Stewart’s music career began in 1962 when he took up busking with a harmonica. In October 1963, he joined The Dimensions as harmonica player and vocalist. In 1964, Stewart joined Long John Baldry and the All Stars before joining The Jeff Beck Group in 1967. Becoming the singer for the Faces in 1969, he also maintained a solo career releasing his debut solo album that same year. Stewart’s early albums were a fusion of rock, folk music, soul music, and R&B. His third solo album, 1971’s Every Picture Tells a Story was his breakthrough, topping the charts in the UK, US, Canada, and Australia. The ballad “Maggie May” went to number one for multiple weeks in those same countries. His 1972 follow-up album, Never a Dull Moment, was another UK and Australian chart-topper while reaching the top three in the US and Canada. Its lead single, “You Wear It Well”, also topped the chart in the UK while being a moderate hit elsewhere.
After a handful more UK top ten hits, Stewart announced the breakup of the Faces in 1975. His next few singles were ballads with “Sailing”, off the 1975 UK and Australian number-one album, Atlantic Crossing, becoming a hit in the UK and the Netherlands, Germany, and other countries, but barely charting in North America. A Night on the Town, released in 1976, his fifth straight chart-topper in the UK, began a three-album run of going number one or top three in North America, the UK, and Australia with each release. That album’s “Tonight’s the Night (Gonna Be Alright)” spent almost two months at number one in the US and Canada, and made the top five in other countries. Foot Loose and Fancy Free, released in 1977, featured the major hit “You’re In My Heart (The Final Acclaim)” as well as the rocker “Hot Legs”. Blondes Have More Fun, released in 1978, and its disco-tinged “Da Ya Think I’m Sexy” both went to number one in Canada, Australia, and the US, with “Da Ya Think I’m Sexy” also hitting number one in the UK and the top ten in other countries. Stewart’s albums regularly hit the upper rungs of the charts in the Netherlands throughout the seventies and in Sweden from 1975 onward.

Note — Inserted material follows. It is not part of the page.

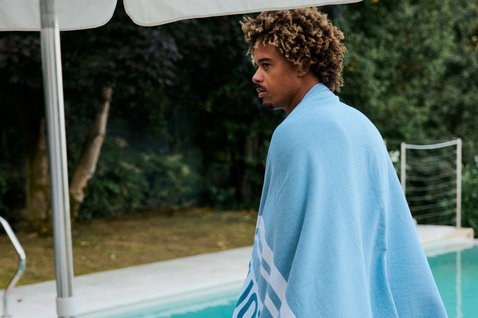 Serviette Duotone Towel Logo en bleu clair portée au bord de la piscine en été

After a disco and new wave period in the late 1970s and early 1980s, Stewart’s music turned to a soft rock/middle-of-the-road style, with most of his albums reaching the top ten in the UK, Germany and Sweden, but faring less well in the US. The single “Rhythm of My Heart” was a top five hit in the UK, US, and other countries, with its source album, 1990’s Vagabond Heart, becoming, at number ten in the US and number two in the UK, his highest charting album in a decade. In 1993, he collaborated with Bryan Adams and Sting on the power ballad “All for Love”, which went number one in many countries. In the early 2000s, he released a series of successful albums interpreting the Great American Songbook.
In 2008, Billboard magazine ranked him the seventeenth most successful artist on the “Billboard Hot 100 All-Time Top Artists”. A Grammy and Brit Award recipient, he was voted at thirty-three in Q Magazine’s list of the Top 100 Greatest Singers of all time As a solo artist, Stewart was inducted into the US Rock and Roll Hall of Fame in 1994, the UK Music Hall of Fame in 2006, and he was inducted a second time into the US Rock and Roll Hall of Fame in 2012 as a member of Faces.